VIDA NA MORTE: O último fragelo da liberdade

Em face da morte, todos os seres são democraticamente iguais, ou será que alguém fora capaz de ser agraciado pela felicidade em face da inevitável?
A última referência biológica de minha constituição neste plano secular padeceu, em seus últimos dias, significantemente, para se encontrar com o que temos de imponderável, Deus.
Penso o que impede a um homem quase centenário, que provavelmente amou na vida, e a ela também, mas não tinha certeza de sua missão ou importância em sua existência, e se Ele o pegaria pela mão.
Bem, antes desse fato que ampliaria minha solidão e certeza de só, exclusivamente solitário, pensava que a maior certeza da vida era a morte e que diante dessa eu a abraçaria felizmente, visto que viver tem a cada dia se tornado uma ferida que me mata pacientemente.
Claro, socioeconomicamente, não sou tão miserável de não ter direito a ter um retrato para lembrar quem eu fui em infância. E que não sou tão afetado psiquicamente, como desamparado, primeiro por esse que neste ano faleceu, como também por aquela a quem condeno por vários desamparos, mesmo a coitada ter falecido há pelos menos 25 anos. E ainda, não sou tão imaturo em crer que é o amor que une as pessoas, como o adolescente crente que encontraria a pessoa ideal para ter como companheira.
Mas sou tão consciente de tudo o que expresso e de outros dilemas a mais. Porém pressinto que muito tenho a conhecer e a viver. E que essa equação aditiva dessas duas dimensões apenas alimenta e retroalimenta o meu sofrimento. O conhecimento me isola dos ignorantes e a vida morre enquanto se pesquisa, perdendo não o brilho solar, mais o brilho da alegria ao perceber que muitos seres, já mortos, seguem movidos a seus vícios, ou melhor, os vícios saciam sua sede de sangue no caminho destes moribundos.
Isso me lembra de que a segunda parte desse diálogo trouxe a perda material da figura paterna que nunca tive. A última referência que tinha dele é uma expressão do paterpoder onipresente em todas as relações familiares.
No entanto, viver a cerca de 30 anos distanciados em duas semanas foi um golpe forte. Poderá dizer que a morte fora a maior significância disso. Não. Talvez com ela aprenda a respeitá-la.
Nos últimos dias de meu genitor, ele me mostrou o poder do perdão. Foi essa a primeira ferida tratada. Não pense que foi apenas pela ausência na minha formação, foi primeiro pedido de ter me ensinado o paterpoder em situação de vítima.
Depois em abraços empaticamente verdadeiros, mostrou-me que a vida é um vale de sofrimento, desde que você não seja consciente a tudo o que você pratica. Essa foi a interpretação plausível que aprendi da labuta dele em buscar Deus tão freneticamente.

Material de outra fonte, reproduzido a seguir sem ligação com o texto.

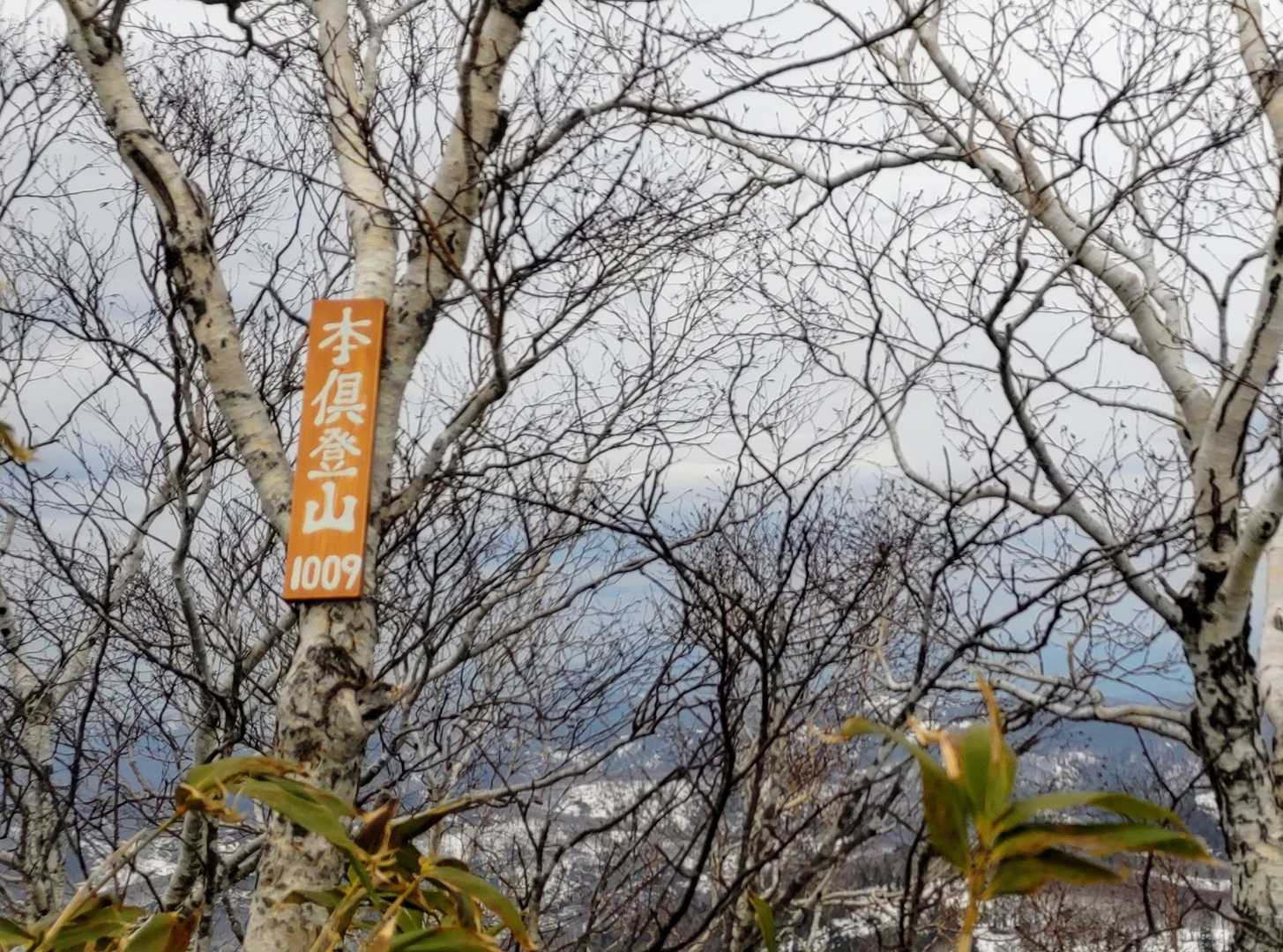 小さいといえば❕

小さかった私の可愛い甥っ子が
この春、中学生になりました👦🌸


（📷本倶登山山頂🎆）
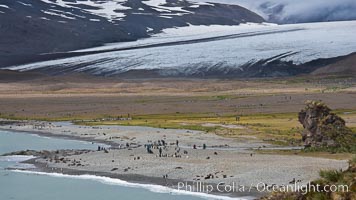 Glacier, beach, king penguins and antarctic fur seals, Fortuna Bay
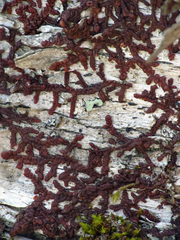 Frullania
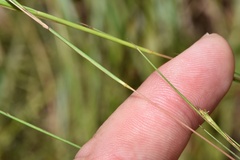Schizachyrium tenerum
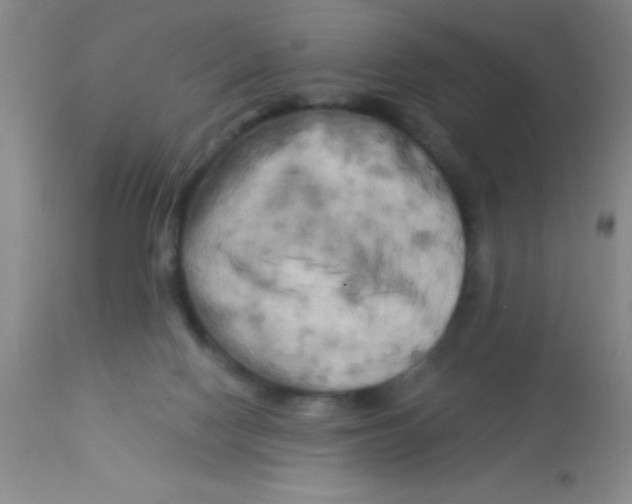 X0000112890074200909181921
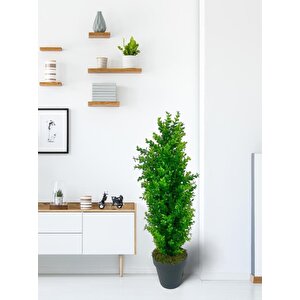 Yapay Çiçek Siyah Saksıda Yeşil Şimşir Ağacı 80*30cm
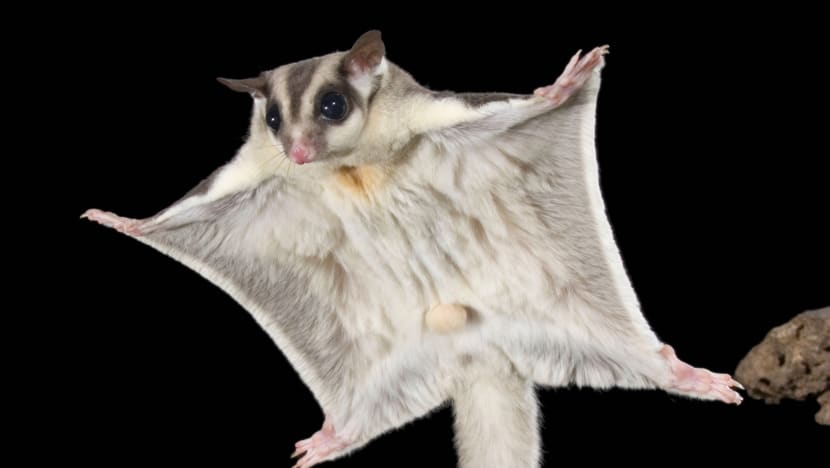 2 men including wildlife volunteer fined for keeping illegal exotic pets in their Yishun flats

Ensinou-me, portanto, que em meios a tantos prazeres frívolos e vazios, deleites de vícios, manjares apenas da carne, são a minha ex-condenação. Meu pater abdicou diversos desses deleites, tornou-se crítico e consciente de que viver é amar e essa equação traz um conhecimento que não alimenta nem o sofrimento nem a solidão. Ele me juntou ainda mais a morte.
Era como um prenúncio de vida e de elevação do espírito crítico. A partir dela inicio uma nova vida em plena idade adulta. Foi o milagre da vida em meio à morte. É como se ele morresse para me lembrar de que estou vivo e que isso é bom. E ainda mais especial, o sofrimento em que me confinava não sou escravo, sou corresponsável quando fico apenas omisso e não luto para sair da inércia que a culpa me empaca.

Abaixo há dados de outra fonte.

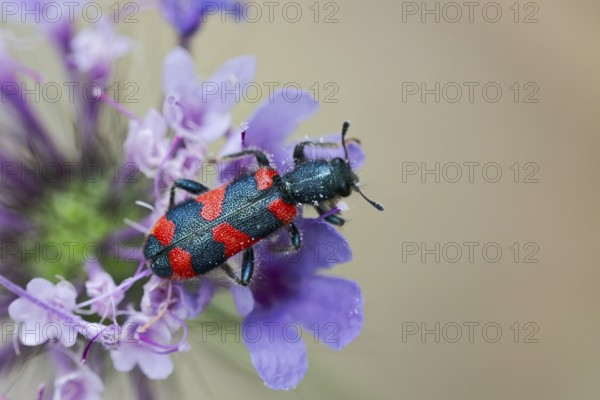 Bee beetle (Trichodes apiarius) on flower, Corfu, Greece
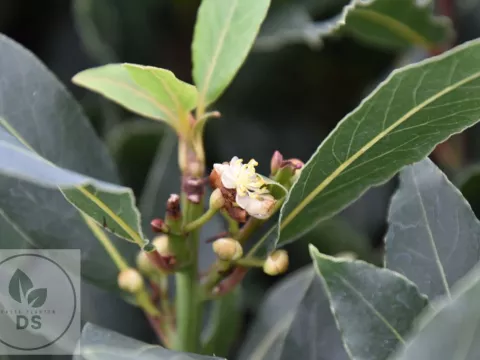 Laurus nobilis (laurier) P10,5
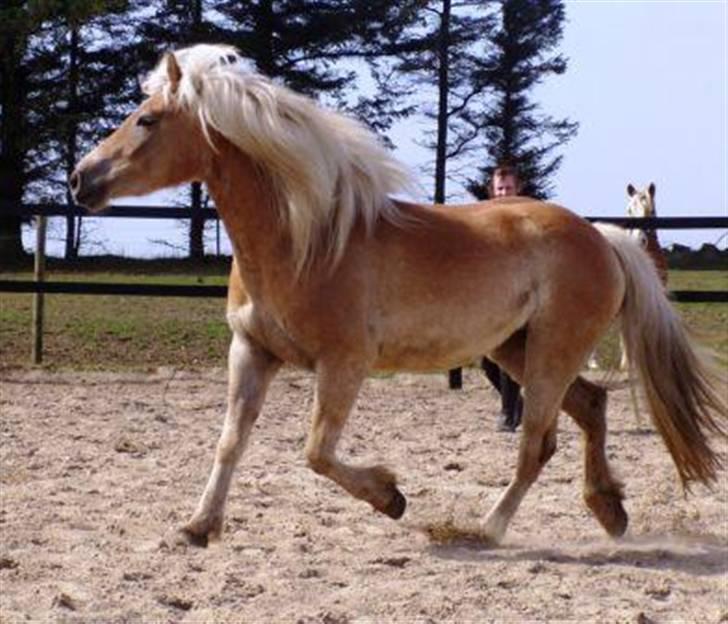 Haflinger Lamara - Lamara 3 år gammel.. 2007.. billede 20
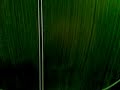 Fabricacion de filetes y cenefas.mp4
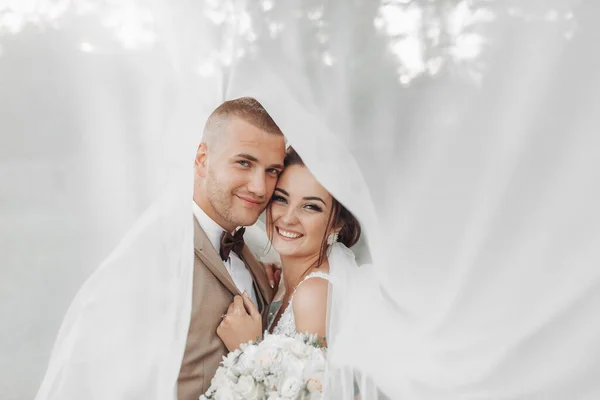 Retrato Casamento Noiva Noivo Recém Casados Felizes Gentilmente Abraçam Sob — Fotografia de Stock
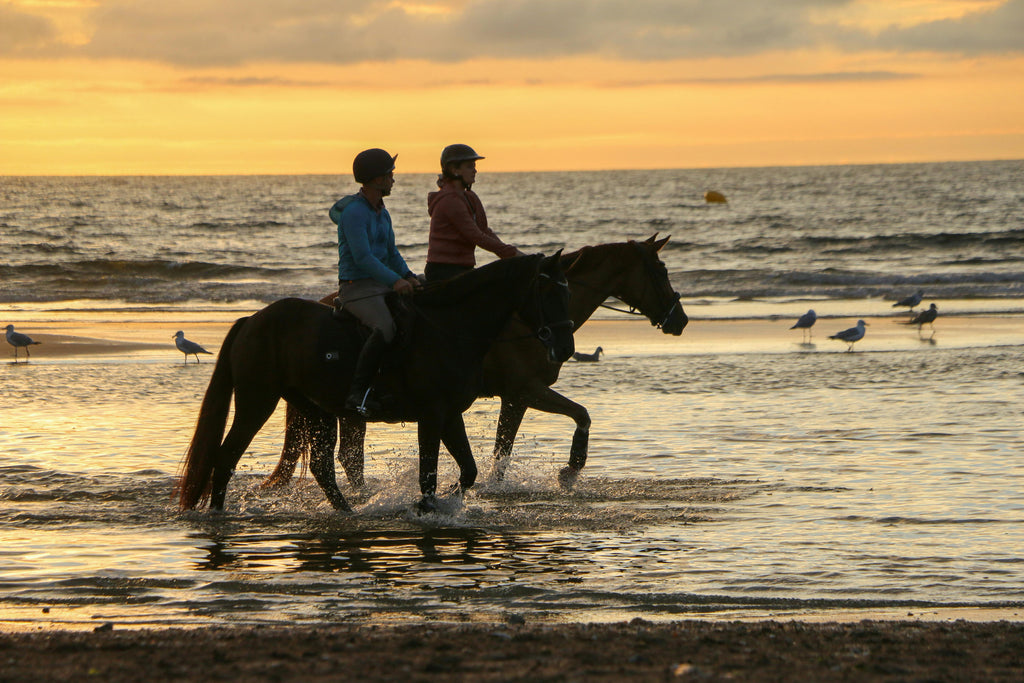 Vendee Coast – Pine Forests, Wild Salt Marshes & Scenic Sand Dune Beach Rides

Assim, não morro a cada momento respirado. Vivo a cada pulsar, que ele bate porque eu preciso viver sadiamente, mas liberto-me da morte autoaplicável. Ou seja, da acriticidade, de vícios, do medo, da timidez, da objetação ou coisificação do outro e da descrença no amor. São exemplos de mortes entre outras.
Agora vivo, sabendo ainda que muitos sofrimentos ainda precisem ser respondidos e quem sabe cessados. Mas que o primeiro passo tenho dado e, assim sigo sem medo da morte, aprece-me que a abraçarei com uma lápide implícita: “apenas não morri, porque amei, na memória dessa única verdade nós estaremos e, sei que isso, reunirá todos os quais apregoarem essa paz”.